Researchers at the University of Texas at Arlington are developing technology that would allow users of virtual reality (VR) headsets to see the actual facial expressions of people they interact with.

“It is one of the first devices that will allow us to monitor human facial activity in detail and has a variety of potential applications ranging from [VR] from gaming to healthcare, ”said Professor VP Nguyen, a computer scientist in Texas.

“The project bridges the gap between anatomical and muscular knowledge of the human face and electrical and computer modeling techniques to develop analytical models, hardware and software libraries for the detection of facial-based physiological signals. “

Nguyen is director of the university’s wireless and sensor systems lab, which focuses on building connected systems to monitor and improve human health and the environment. He received a grant of nearly $ 250,000 from the National Science Foundation for the VR Project, which is part of a larger grant with collaborators at the University of Tennessee-Knoxville.

Current VR headsets remain bulky – despite considerable R&D efforts from companies like Facebook to reduce their size, while still maintaining immersion and a crisp image – and block out the majority of the user’s face. Nguyen’s team have created a device that they describe as lightweight, discreet, and privacy-friendly.

“Monitoring the activities of human facial muscles in precise detail and reconstructing facial expressions in 3D are difficult tasks,” said Professor Hong Jiang, chairman of the university’s computer science and engineering department. “This project will advance cutting-edge atrial detection techniques and transfer what is learned across multiple detection modalities.

“The results of this research could enable a wide range of applications, ranging from virtual and augmented reality to emotion recognition in healthcare. “

Scientists hope that the device could have applications in speech therapy in particular. For example, doctors and therapists could use them to work with distant patients who have had strokes or other speech disorders, identifying exactly where muscles are affected and tailoring treatment around that information. . Moreover, it could be used with phones in noisy environments such as subways or bars, where voice recognition technology cannot work well.

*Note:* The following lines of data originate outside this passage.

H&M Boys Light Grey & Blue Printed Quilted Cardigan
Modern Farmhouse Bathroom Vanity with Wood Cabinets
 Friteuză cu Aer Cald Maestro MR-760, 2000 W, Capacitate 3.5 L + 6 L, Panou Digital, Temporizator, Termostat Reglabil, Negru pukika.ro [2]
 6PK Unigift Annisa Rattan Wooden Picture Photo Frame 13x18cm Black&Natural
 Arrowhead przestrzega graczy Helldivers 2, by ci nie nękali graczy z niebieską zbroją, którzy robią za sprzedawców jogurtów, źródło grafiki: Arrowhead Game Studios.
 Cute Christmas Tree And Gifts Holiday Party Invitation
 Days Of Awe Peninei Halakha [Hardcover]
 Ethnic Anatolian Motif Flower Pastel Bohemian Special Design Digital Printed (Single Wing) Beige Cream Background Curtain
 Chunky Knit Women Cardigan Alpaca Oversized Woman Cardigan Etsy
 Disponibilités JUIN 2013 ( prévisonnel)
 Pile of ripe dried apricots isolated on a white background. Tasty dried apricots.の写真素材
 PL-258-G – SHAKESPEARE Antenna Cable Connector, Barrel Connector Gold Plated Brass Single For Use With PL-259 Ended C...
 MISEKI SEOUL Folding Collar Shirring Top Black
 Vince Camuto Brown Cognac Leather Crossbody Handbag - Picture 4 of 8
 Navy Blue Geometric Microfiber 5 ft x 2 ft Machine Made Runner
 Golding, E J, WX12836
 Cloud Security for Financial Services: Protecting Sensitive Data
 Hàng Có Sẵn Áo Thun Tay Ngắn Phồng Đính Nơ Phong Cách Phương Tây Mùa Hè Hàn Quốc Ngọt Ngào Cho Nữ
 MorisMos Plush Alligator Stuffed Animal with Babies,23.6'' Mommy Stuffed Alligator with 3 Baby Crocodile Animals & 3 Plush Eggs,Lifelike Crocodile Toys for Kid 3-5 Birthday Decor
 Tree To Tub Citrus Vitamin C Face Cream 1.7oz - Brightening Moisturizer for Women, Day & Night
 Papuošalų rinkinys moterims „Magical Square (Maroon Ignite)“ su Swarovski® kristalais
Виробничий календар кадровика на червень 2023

Healthcare professionals hope that extended reality technologies such as virtual reality and augmented reality could have tremendous benefits for patients with mental illnesses, neurological disorders and developmental disabilities. For example, a mobile virtual reality game could provide warning signs of dementia, while a controlled immersive environment called “The Blue Room” has helped children with autism overcome certain phobias exacerbated by the disease.